> **ABOUT THIS TASK**:
Among the entries below, one stretch runs from the line that contains "Spacious 1BR +Storage | Vacant | Burj View" through the line that contains "on yellow background-0". Repeat that stretch exactly, ends included, and only that.

> **THE DATA**:
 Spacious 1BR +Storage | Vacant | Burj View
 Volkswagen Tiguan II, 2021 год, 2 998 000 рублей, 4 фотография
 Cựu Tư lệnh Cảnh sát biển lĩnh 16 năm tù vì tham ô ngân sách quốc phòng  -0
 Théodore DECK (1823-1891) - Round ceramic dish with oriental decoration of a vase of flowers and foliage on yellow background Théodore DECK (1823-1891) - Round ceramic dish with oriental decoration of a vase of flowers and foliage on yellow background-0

* * *

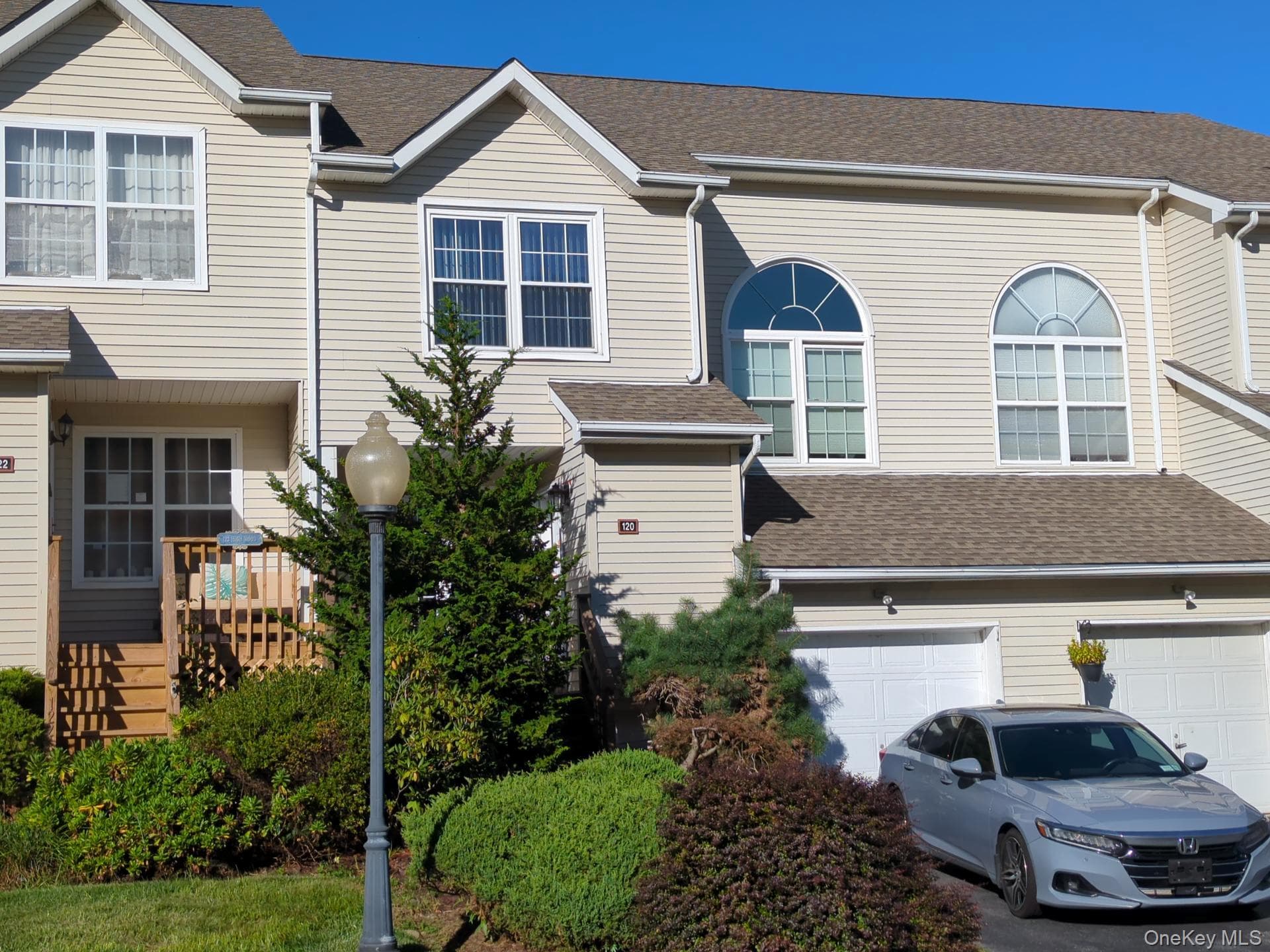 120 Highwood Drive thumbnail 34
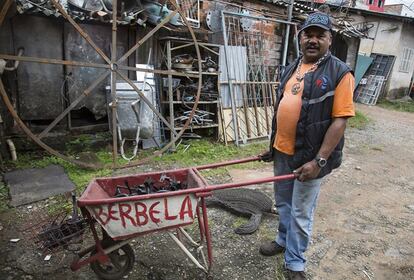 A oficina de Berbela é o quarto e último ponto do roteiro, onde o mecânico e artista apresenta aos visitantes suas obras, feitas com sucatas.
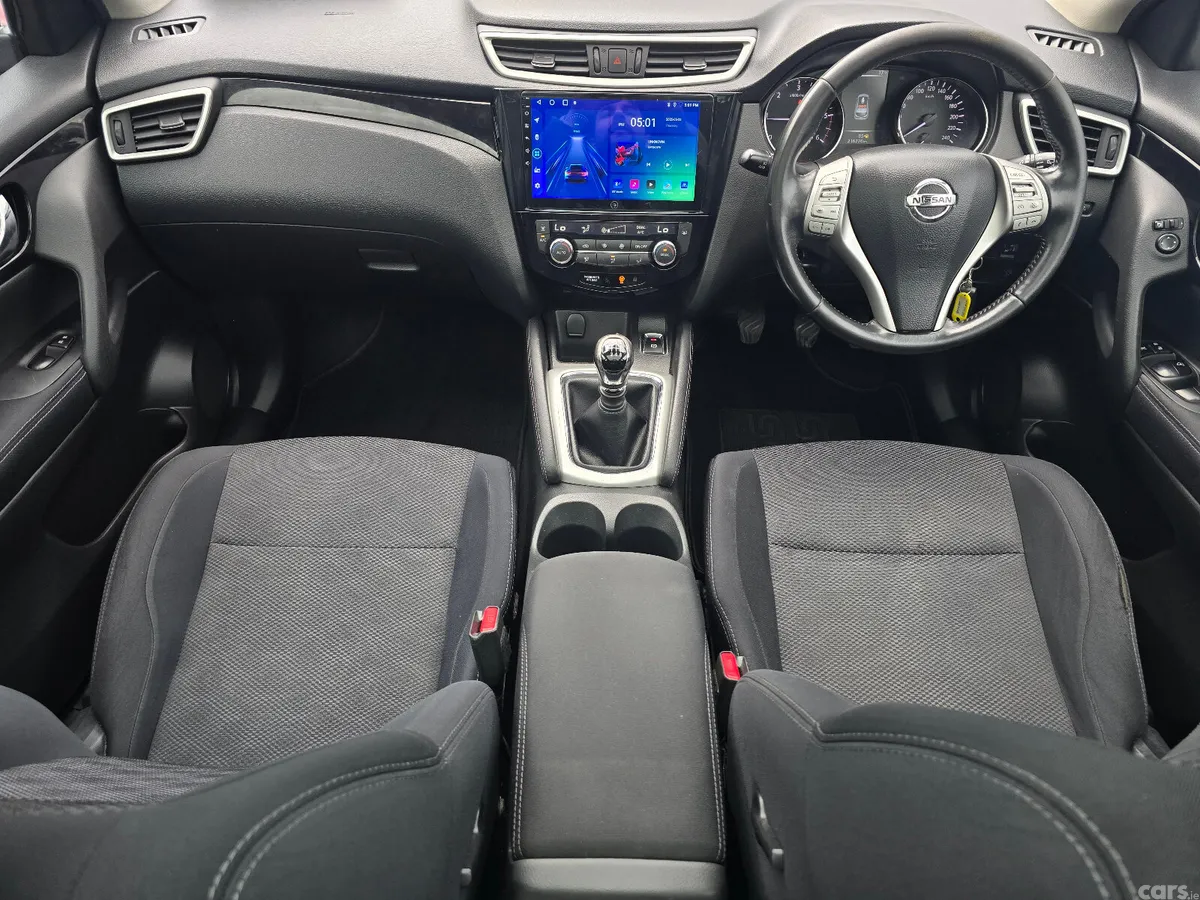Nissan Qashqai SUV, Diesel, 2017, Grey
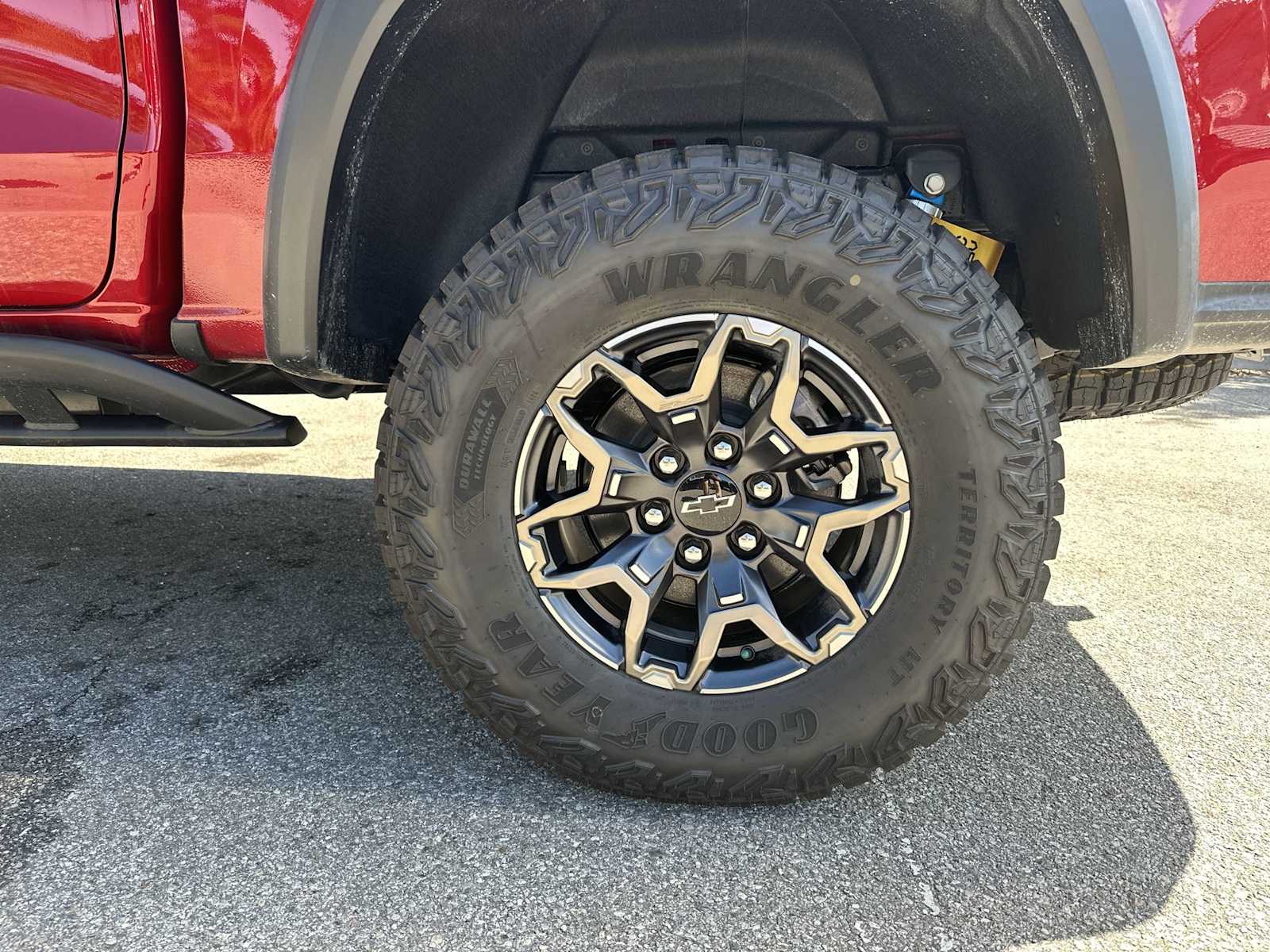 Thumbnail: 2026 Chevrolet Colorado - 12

> **PROBLEM SOLUTION**:
 Spacious 1BR +Storage | Vacant | Burj View
 Volkswagen Tiguan II, 2021 год, 2 998 000 рублей, 4 фотография
 Cựu Tư lệnh Cảnh sát biển lĩnh 16 năm tù vì tham ô ngân sách quốc phòng  -0
 Théodore DECK (1823-1891) - Round ceramic dish with oriental decoration of a vase of flowers and foliage on yellow background Théodore DECK (1823-1891) - Round ceramic dish with oriental decoration of a vase of flowers and foliage on yellow background-0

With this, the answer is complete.